Published by Cranachan, 2016.

Fir for Luck is based on real life events and is set during the Highland Clearances of 1841 with flashbacks to the Clearances of 1814. Before I read the book, I had no knowledge of this period in Scottish history and so I’ve found the story particularly fascinating. During the Higland Clearances landowners threw tenants off their land so that they could turn it over to sheep farming instead. It was a particularly brutal time; homes were torched, violence was freely used and some of the tenants were killed. The tenant families were given very short notice and little consideration was given to where they might live instead.

The story is told through the eyes of twelve year old Janet who lives in the tiny village of Ceannabeinne. Janet is a terrific heroine. She’s brave, quick-thinking, adventurous and loyal but she’s also headstrong and defiant.
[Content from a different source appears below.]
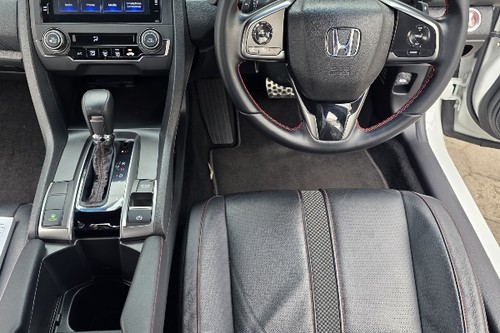 2021 Honda Civic Hatchback TURBO HATCHBACK E 1.5 AT tua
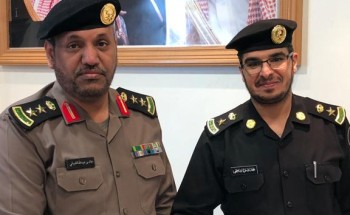 مدير شرطة رابغ يقلد قائد دوريات أمن محافظة رابغ رتبته الجديدة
This combination makes her a very relatable character for young readers. They will see aspects of themselves in her and she is also a role model to aspire to.

Ceannabeinne is targeted as a village to be cleared. Anderson, the local landowner, wants to use his land for sheep farming because it’s more profitable and so arranges for a Writ to be served on the villagers, telling them to leave. The book tells of the bravery of the villagers as they try to prevent the Writ being served and of their resistance and resilience as they do all that they can to save their village and livelihoods.

Barbara Henderson populates the village of Ceannabeinne with a rich cast of believable characters: the wise and respected village elder; the haughty residents of the top house; a vindictive schoolmaster; Janet’s ageing grandmother (who lived through the earlier Clearances); and Janet’s family, friends and neighbours. Crucially, we come to care about these people and their plight. We root for them.

It’s not just the characters who are evoked so convincingly, Barbara Henderson has also succeeded in bringing the Scottish Highlands vividly to life. She describes the wild landscape in glorious detail, Gaelic and Scottish words are interwoven into the text, and a traditional way of life is colourfully depicted. I found that I had a very clear picture in my mind’s eye of this remote part of the world almost 200 years ago.

Fir for Luck is a really exciting story. It’s packed full of drama and tension and often had me on the edge of my seat. A very impressive debut.

Rating: 💙💙💙💙💙

Suitable for children aged 10+ (Most of the violence is hinted at rather than explicit.)

Thank you to Cranachan for sending me this book to review. I reviewed this book as part of the Fir for Luck blog tour.